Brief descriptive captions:

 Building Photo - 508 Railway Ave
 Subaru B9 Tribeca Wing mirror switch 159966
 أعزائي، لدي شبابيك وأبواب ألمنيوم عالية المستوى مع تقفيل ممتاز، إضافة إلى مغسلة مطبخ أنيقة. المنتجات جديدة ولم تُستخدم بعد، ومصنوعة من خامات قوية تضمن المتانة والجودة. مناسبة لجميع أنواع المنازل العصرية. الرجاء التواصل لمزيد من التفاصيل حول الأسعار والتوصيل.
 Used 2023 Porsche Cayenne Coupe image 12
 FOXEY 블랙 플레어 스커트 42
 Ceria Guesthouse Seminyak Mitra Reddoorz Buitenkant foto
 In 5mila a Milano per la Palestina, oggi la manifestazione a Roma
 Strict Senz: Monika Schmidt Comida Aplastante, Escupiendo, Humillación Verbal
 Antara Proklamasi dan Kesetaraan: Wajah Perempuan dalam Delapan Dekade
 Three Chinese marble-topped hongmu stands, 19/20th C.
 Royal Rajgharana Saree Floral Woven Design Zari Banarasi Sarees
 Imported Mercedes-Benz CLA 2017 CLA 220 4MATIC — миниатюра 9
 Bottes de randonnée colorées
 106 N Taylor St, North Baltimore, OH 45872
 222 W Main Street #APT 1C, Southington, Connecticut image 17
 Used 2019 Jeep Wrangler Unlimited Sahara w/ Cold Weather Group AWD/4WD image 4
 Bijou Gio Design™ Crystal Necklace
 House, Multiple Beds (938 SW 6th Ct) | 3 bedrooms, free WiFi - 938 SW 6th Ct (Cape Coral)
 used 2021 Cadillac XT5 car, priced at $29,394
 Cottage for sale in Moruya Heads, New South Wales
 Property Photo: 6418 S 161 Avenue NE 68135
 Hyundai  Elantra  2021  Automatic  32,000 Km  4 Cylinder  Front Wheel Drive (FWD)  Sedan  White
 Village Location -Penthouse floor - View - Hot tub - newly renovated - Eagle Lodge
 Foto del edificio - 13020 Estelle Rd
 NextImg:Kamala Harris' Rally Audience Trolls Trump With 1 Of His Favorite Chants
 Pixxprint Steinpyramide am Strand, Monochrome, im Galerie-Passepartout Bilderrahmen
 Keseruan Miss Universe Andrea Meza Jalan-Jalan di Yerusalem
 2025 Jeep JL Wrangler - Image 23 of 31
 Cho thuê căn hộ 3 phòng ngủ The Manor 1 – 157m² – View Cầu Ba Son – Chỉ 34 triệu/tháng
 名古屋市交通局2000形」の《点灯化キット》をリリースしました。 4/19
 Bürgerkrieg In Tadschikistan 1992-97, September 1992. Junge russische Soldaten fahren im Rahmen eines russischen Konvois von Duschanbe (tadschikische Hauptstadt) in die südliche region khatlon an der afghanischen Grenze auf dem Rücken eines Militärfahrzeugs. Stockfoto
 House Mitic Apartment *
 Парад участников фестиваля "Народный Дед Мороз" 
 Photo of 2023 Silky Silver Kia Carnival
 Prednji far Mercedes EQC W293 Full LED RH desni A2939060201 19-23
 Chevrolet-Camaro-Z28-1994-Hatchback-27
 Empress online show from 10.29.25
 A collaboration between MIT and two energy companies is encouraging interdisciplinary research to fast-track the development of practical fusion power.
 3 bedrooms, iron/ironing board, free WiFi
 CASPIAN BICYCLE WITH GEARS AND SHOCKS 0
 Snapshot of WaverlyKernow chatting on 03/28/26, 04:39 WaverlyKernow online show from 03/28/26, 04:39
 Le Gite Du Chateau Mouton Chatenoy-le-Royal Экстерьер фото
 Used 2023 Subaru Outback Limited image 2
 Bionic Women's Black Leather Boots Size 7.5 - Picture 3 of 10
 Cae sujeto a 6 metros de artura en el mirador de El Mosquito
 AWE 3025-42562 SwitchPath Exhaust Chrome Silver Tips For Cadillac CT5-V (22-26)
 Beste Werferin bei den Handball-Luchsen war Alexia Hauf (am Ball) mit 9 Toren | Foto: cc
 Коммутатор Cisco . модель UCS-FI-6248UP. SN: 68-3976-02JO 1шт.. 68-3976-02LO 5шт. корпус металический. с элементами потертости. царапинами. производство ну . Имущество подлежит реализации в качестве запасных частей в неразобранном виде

WHAT TO WORK ON
Find "show" in the preceding records. Copy each line that holds it.

RESULT
 Empress online show from 10.29.25
 Snapshot of WaverlyKernow chatting on 03/28/26, 04:39 WaverlyKernow online show from 03/28/26, 04:39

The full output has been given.